__PROBLEM TO WORK ON__.
The answer is a single figure: how many lines below contain the word "Venda".

__DATA SUPPLIED__.
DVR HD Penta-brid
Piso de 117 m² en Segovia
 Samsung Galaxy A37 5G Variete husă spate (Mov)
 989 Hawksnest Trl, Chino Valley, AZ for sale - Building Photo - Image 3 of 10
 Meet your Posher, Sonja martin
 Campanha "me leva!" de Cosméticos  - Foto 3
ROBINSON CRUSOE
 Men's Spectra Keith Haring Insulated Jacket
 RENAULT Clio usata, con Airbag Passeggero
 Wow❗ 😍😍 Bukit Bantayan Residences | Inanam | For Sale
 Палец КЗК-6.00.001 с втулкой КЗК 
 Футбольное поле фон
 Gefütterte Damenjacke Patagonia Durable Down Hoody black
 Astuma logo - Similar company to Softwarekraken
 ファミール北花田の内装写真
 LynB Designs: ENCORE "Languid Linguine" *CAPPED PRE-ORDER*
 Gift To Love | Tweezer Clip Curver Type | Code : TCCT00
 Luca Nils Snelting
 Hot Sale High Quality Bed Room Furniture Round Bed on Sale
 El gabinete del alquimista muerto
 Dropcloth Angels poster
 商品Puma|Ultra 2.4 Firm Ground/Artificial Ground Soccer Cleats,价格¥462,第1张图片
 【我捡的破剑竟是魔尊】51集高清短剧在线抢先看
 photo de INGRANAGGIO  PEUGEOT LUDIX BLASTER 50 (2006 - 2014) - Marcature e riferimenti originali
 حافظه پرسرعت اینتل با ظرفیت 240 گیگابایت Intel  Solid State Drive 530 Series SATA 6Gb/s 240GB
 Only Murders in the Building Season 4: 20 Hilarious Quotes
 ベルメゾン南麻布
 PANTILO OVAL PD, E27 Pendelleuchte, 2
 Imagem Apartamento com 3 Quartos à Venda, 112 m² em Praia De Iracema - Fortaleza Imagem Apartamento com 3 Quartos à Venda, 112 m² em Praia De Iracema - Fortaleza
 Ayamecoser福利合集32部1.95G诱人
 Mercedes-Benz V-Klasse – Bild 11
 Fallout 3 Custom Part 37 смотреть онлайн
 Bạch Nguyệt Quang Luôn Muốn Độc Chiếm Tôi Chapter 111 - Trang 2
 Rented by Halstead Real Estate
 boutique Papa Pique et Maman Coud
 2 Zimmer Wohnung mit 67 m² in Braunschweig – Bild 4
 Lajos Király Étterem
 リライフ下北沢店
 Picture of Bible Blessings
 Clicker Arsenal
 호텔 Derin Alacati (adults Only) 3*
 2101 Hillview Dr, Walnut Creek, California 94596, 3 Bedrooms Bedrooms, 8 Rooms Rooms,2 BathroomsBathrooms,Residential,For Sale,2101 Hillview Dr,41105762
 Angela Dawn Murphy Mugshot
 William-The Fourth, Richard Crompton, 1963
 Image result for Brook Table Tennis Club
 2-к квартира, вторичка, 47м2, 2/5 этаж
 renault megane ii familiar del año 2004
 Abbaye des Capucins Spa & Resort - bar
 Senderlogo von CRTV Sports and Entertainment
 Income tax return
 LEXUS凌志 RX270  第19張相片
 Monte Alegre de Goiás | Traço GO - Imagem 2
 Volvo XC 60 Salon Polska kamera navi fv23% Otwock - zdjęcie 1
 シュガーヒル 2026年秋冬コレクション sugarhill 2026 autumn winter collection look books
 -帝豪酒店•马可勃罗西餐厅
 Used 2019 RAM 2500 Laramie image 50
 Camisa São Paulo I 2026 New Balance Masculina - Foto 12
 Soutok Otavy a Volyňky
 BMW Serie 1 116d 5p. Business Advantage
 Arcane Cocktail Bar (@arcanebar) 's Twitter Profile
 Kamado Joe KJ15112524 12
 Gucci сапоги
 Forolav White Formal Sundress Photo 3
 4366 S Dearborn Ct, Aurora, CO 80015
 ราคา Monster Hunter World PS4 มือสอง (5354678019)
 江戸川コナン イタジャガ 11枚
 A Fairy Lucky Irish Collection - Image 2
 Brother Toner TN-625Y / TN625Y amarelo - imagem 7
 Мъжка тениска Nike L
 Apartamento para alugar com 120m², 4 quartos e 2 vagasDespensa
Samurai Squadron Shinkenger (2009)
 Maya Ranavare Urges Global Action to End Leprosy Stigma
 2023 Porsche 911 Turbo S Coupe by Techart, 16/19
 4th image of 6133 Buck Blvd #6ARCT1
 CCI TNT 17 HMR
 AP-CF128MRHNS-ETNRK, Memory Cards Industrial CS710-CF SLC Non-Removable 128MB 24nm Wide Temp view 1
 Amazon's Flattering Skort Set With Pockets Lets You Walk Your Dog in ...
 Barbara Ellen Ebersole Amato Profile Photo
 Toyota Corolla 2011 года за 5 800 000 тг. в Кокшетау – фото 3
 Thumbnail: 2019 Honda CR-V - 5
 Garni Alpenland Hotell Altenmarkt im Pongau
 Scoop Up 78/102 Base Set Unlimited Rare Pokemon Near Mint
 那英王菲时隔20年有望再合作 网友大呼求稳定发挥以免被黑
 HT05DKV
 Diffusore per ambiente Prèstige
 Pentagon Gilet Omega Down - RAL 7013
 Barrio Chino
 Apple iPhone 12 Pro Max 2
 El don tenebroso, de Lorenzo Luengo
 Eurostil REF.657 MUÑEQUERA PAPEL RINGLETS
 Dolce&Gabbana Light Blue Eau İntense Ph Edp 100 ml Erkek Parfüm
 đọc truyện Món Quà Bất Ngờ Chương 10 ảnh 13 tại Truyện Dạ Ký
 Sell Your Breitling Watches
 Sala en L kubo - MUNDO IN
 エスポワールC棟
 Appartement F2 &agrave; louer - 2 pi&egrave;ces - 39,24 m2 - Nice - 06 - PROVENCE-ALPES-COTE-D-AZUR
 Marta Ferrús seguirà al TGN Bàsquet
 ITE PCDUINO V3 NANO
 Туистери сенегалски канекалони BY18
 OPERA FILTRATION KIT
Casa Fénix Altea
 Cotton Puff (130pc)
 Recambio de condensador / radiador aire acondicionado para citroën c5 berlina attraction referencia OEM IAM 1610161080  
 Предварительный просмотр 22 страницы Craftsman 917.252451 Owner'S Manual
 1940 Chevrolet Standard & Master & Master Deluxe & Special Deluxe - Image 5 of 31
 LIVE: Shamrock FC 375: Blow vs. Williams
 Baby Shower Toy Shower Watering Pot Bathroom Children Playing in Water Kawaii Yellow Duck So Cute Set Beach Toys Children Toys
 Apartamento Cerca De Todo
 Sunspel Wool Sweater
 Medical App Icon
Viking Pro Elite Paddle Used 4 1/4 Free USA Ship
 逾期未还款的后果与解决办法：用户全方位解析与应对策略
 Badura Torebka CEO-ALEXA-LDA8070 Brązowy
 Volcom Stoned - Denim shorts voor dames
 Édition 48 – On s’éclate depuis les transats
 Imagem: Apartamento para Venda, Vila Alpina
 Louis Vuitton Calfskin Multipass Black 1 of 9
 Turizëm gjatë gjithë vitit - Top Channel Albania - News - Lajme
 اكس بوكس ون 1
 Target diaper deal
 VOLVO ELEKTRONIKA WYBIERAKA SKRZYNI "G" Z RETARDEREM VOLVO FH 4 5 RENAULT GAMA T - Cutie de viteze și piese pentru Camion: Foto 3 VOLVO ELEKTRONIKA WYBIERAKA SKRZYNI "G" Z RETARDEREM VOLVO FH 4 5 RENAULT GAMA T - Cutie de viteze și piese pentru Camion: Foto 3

__YOUR SOLUTION__.
2